» ACTION ITEM: Write out exactly the lines from the one with "Hurghada Private Airport" through the last line of the data below, but not the pictures.

Entries taken from a collection:
==============================

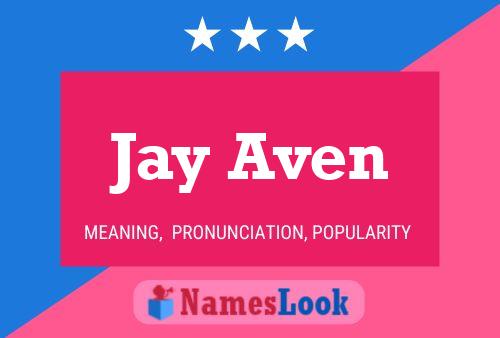 Pôster do nome Jay Aven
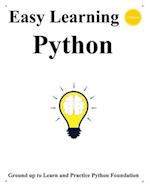 Easy Learning Python (3 Edition): Ground up to learn and practice python foundation 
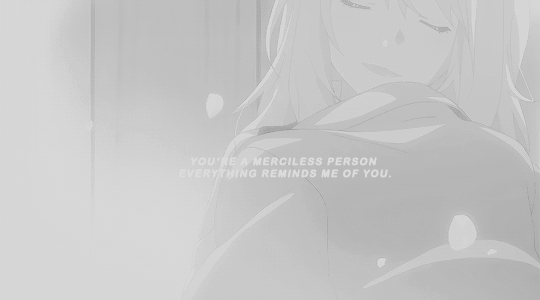 hirroko:“When you’re in love with somebody, everything looks colorful.”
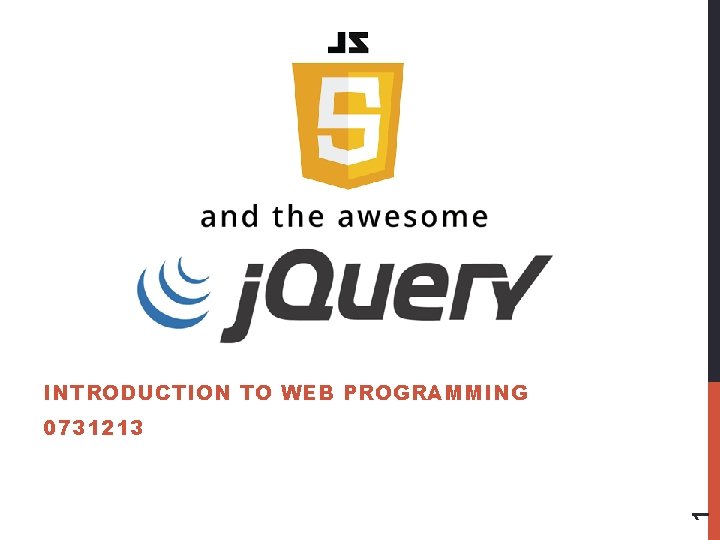 INTRODUCTION TO WEB PROGRAMMING 1 0731213 
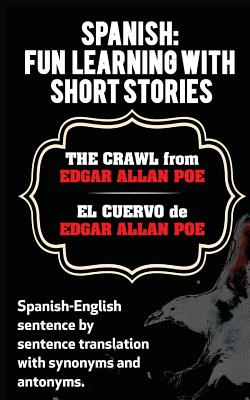 Spanish: Fun Learning With Short Stories. The Crawl (El Cuervo) from Edgar Allan: Spanish-English sentence by sentence translat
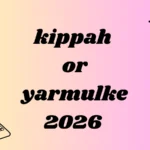 kippah or yarmulke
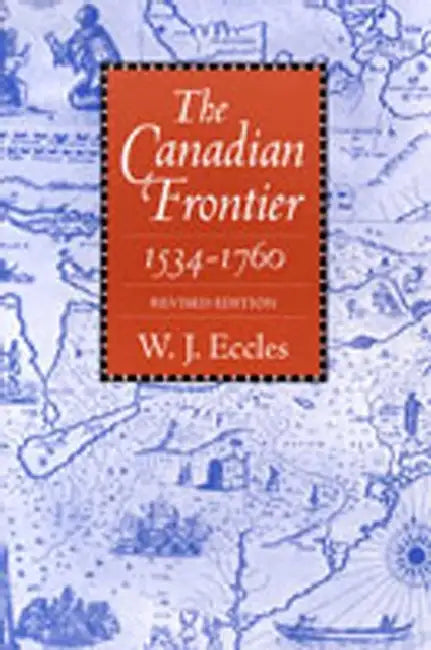 Canadian Frontier, 1534-1760 (Revised) by W. J. Eccles
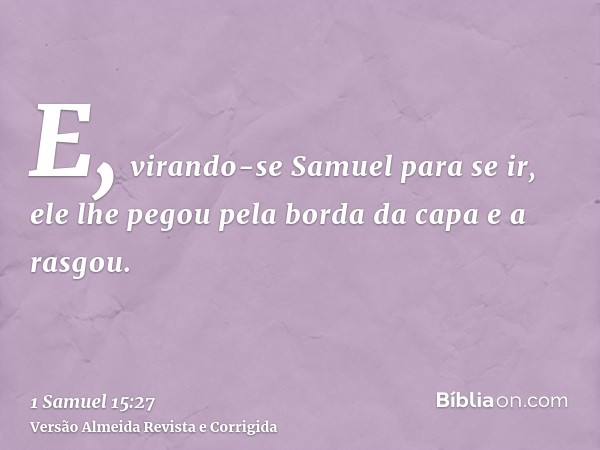 E, virando-se Samuel para se ir, ele lhe pegou pela borda da capa e a rasgou.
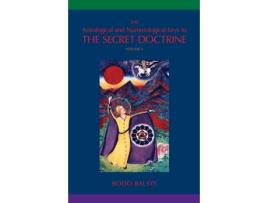 Livro The Astrological and Numerological Keys to The Secret Doctrine Vol.1 (1) Bodo Balsys (Inglês)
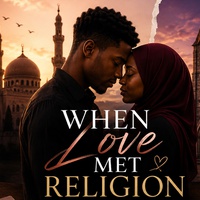 WHEN LOVE MET RELIGION (the last part)
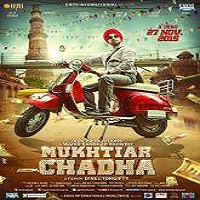 Mukhtiar Chadha (2015) Watch Full Movie Online Download Free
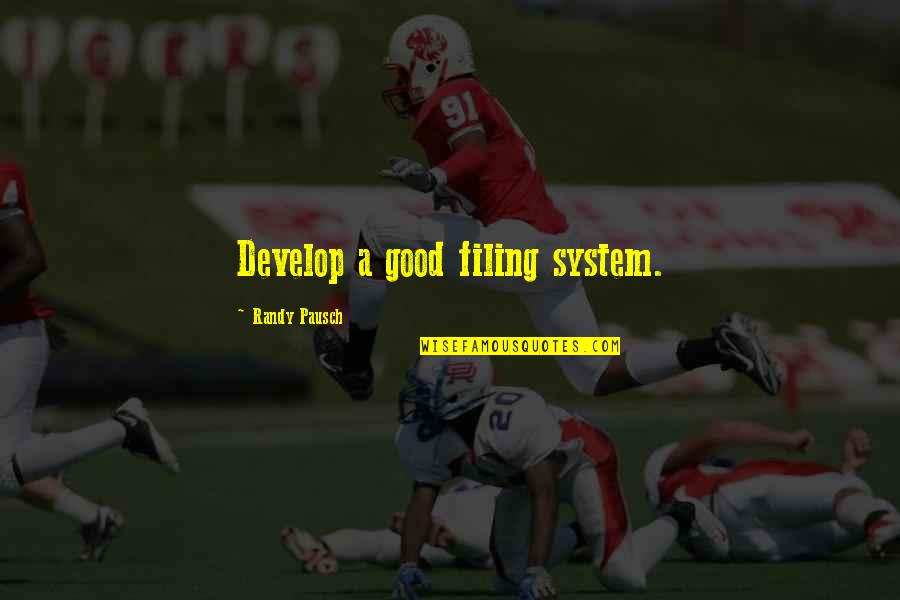 Screensavers Inspirational Quotes By Randy Pausch: Develop a good filing system. Screensavers Inspirational Quotes By Randy Pausch: Develop a good filing system.
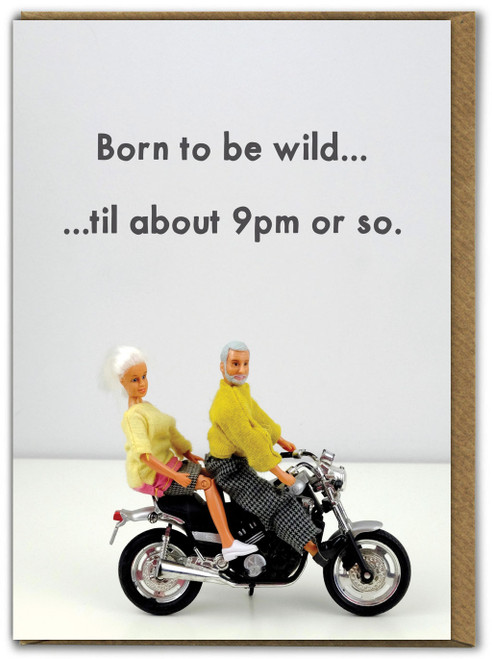 Funny Birthday Card Born To Be Wild By Bold and Bright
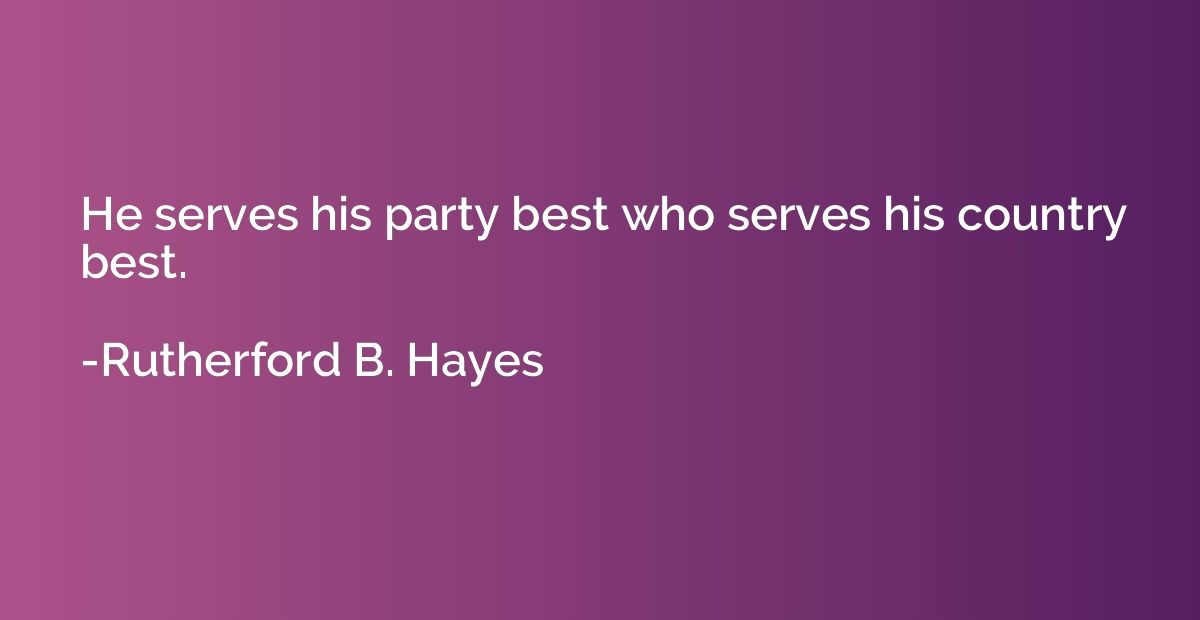 He serves his party best who serves his country best.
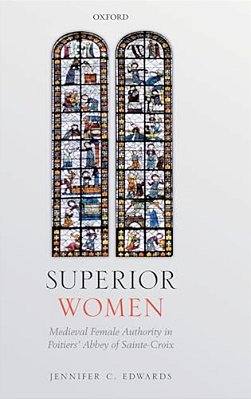 Superior Women: Medieval Female Authority In Poitiers' Abbey Of Sainte-Croix-..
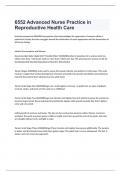 6552 Advanced Nurse Practice in Reproductive Health Care Exam Question And Answer 2024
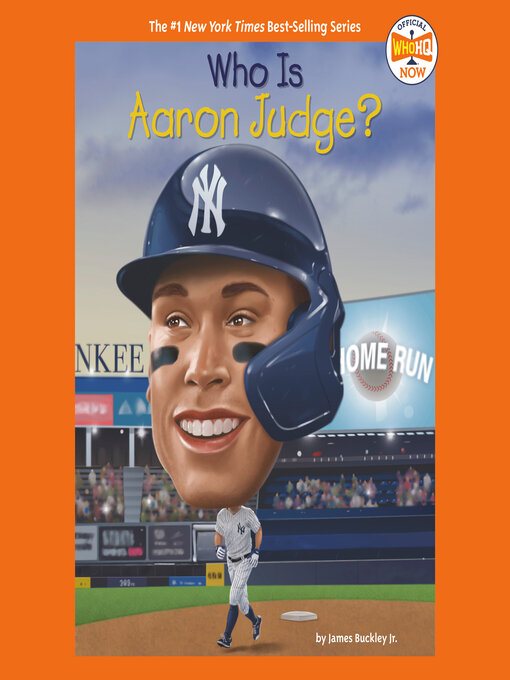 Title details for Who Is Aaron Judge? by James Buckley, Jr. - Available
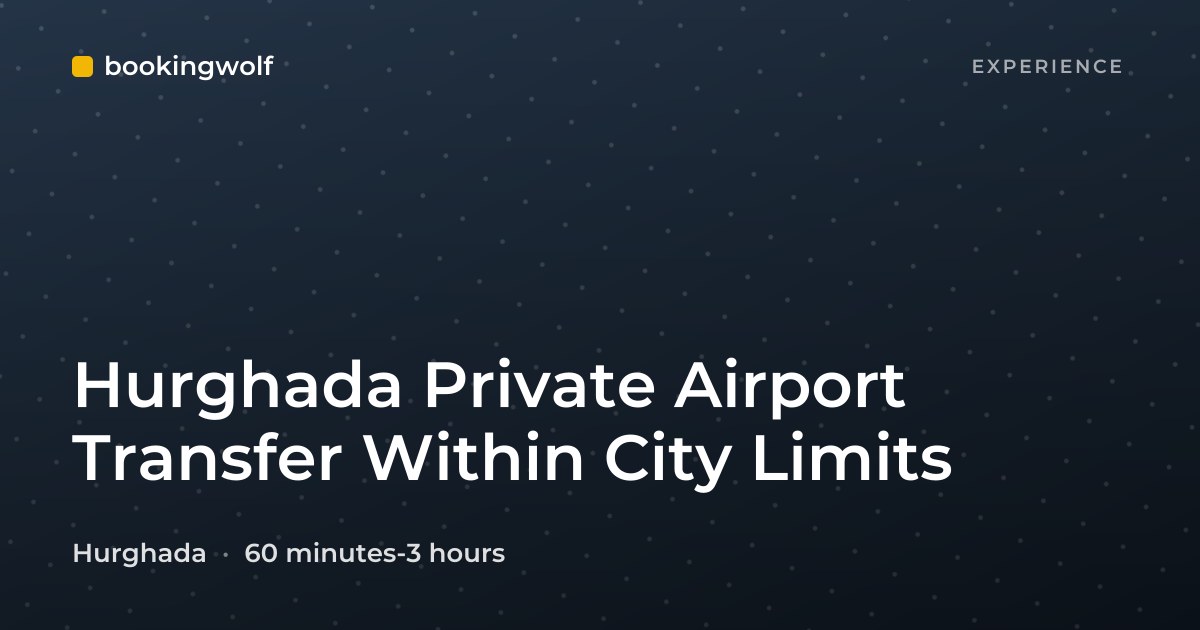 Hurghada Private Airport Transfer Within City Limits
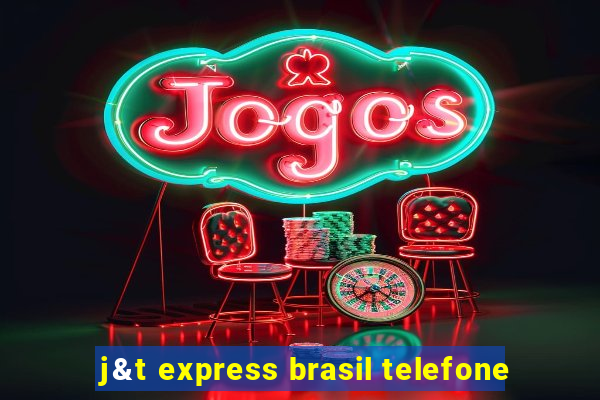 j&t express brasil telefone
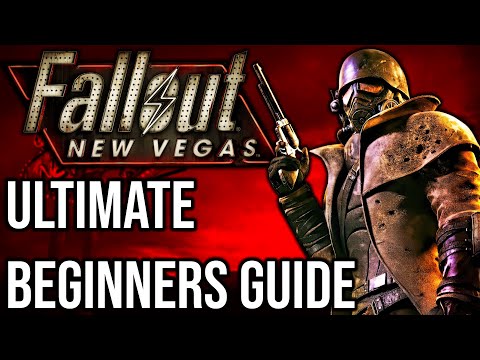 The Ultimate Beginners Guide for Fallout New Vegas | Fallout: New Vegas Guides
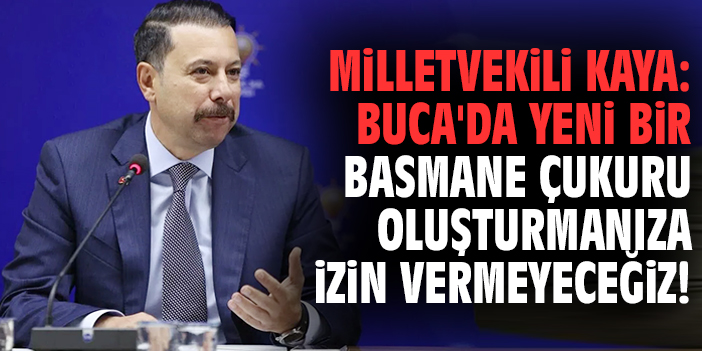 Milletvekili Kaya: Buca'da yeni bir Basmane Çukuru oluşturmanıza izin vermeyeceğiz!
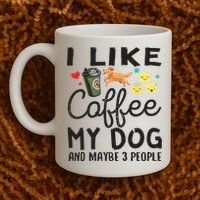 Dog Lovers I Like Coffee My Dog And Maybe 3 People Coffee Mug thumb 2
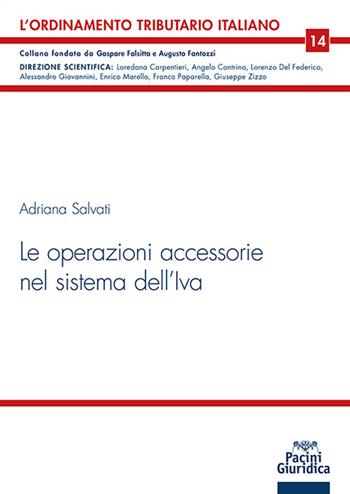 Le operazioni accessorie nel sistema dell’Iva - Adriana Salvati - Libro Pacini Giuridica 2024, L' ordinamento tributario italiano | Libraccio.it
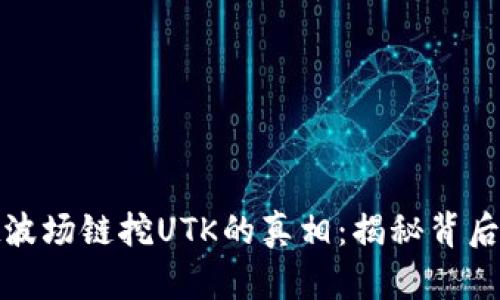 揭开tpwallet波场链挖UTK的真相：揭秘背后的机会与风险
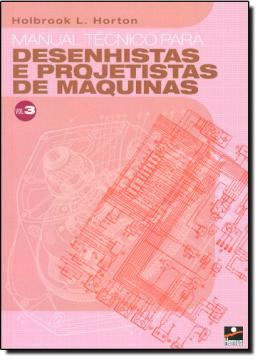 Imagem de MANUAL TECNICO PARA DESENHISTAS E PROJETISTAS DE MAQUINAS VOL 3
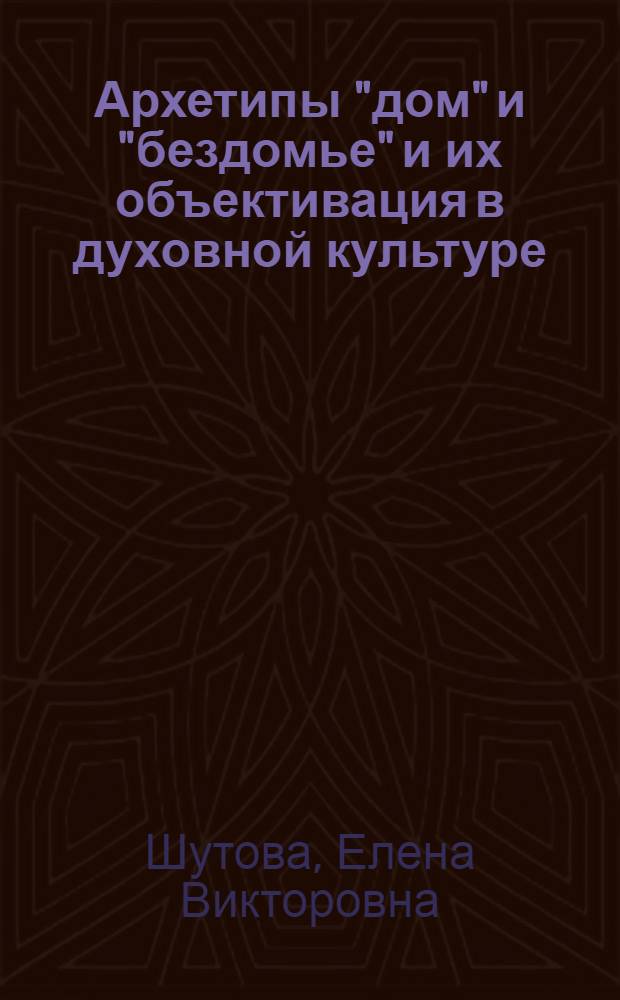 Архетипы "дом" и "бездомье" и их объективация в духовной культуре : автореферат диссертации на соискание ученой степени кандидата философских наук : специальность 09.00.13 <Философская антропология, философия культуры>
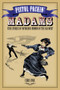 Pistol Packin' Madams (True Stories of Notorious Women of the Old West) by Chris Enss, 9780762737758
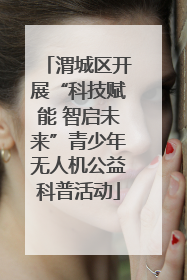 渭城区开展“科技赋能 智启未来”青少年无人机公益科普活动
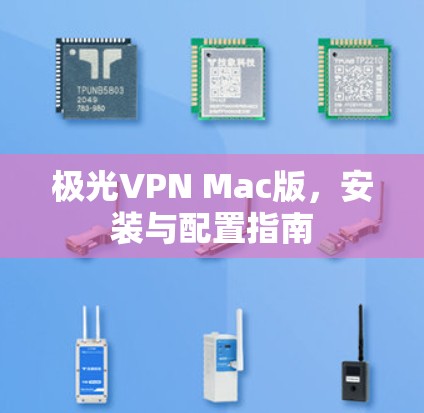 极光VPN Mac版,安装与配置指南 极光VPN Mac版,安装与配置指南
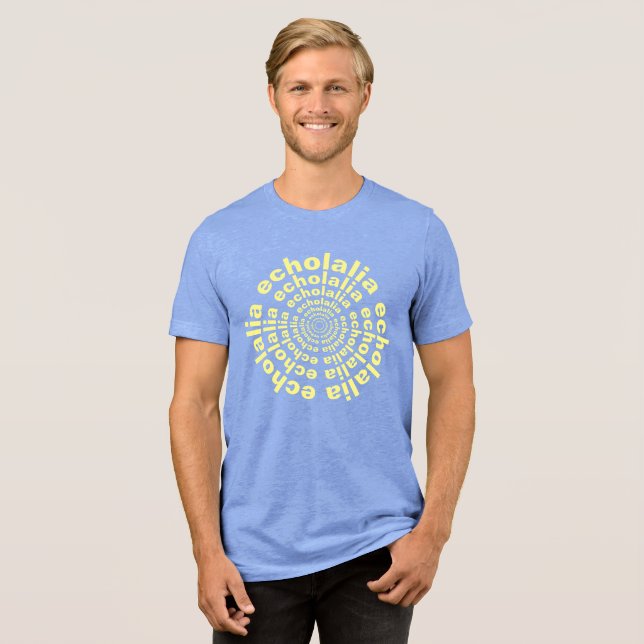 Echolalia Circle Neurodiversity Stim Text Tri-Blend Shirt (Front Full)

==============================

» ANSWER TO THE PROBLEM:
 Hurghada Private Airport Transfer Within City Limits
 j&t express brasil telefone
 The Ultimate Beginners Guide for Fallout New Vegas | Fallout: New Vegas Guides
 Milletvekili Kaya: Buca'da yeni bir Basmane Çukuru oluşturmanıza izin vermeyeceğiz!
 Dog Lovers I Like Coffee My Dog And Maybe 3 People Coffee Mug thumb 2
 Le operazioni accessorie nel sistema dell’Iva - Adriana Salvati - Libro Pacini Giuridica 2024, L' ordinamento tributario italiano | Libraccio.it
 揭开tpwallet波场链挖UTK的真相：揭秘背后的机会与风险
 Imagem de MANUAL TECNICO PARA DESENHISTAS E PROJETISTAS DE MAQUINAS VOL 3
 Архетипы "дом" и "бездомье" и их объективация в духовной культуре : автореферат диссертации на соискание ученой степени кандидата философских наук : специальность 09.00.13 <Философская антропология, философия культуры>
 Pistol Packin' Madams (True Stories of Notorious Women of the Old West) by Chris Enss, 9780762737758
 渭城区开展“科技赋能 智启未来”青少年无人机公益科普活动
 极光VPN Mac版,安装与配置指南 极光VPN Mac版,安装与配置指南
 Echolalia Circle Neurodiversity Stim Text Tri-Blend Shirt (Front Full)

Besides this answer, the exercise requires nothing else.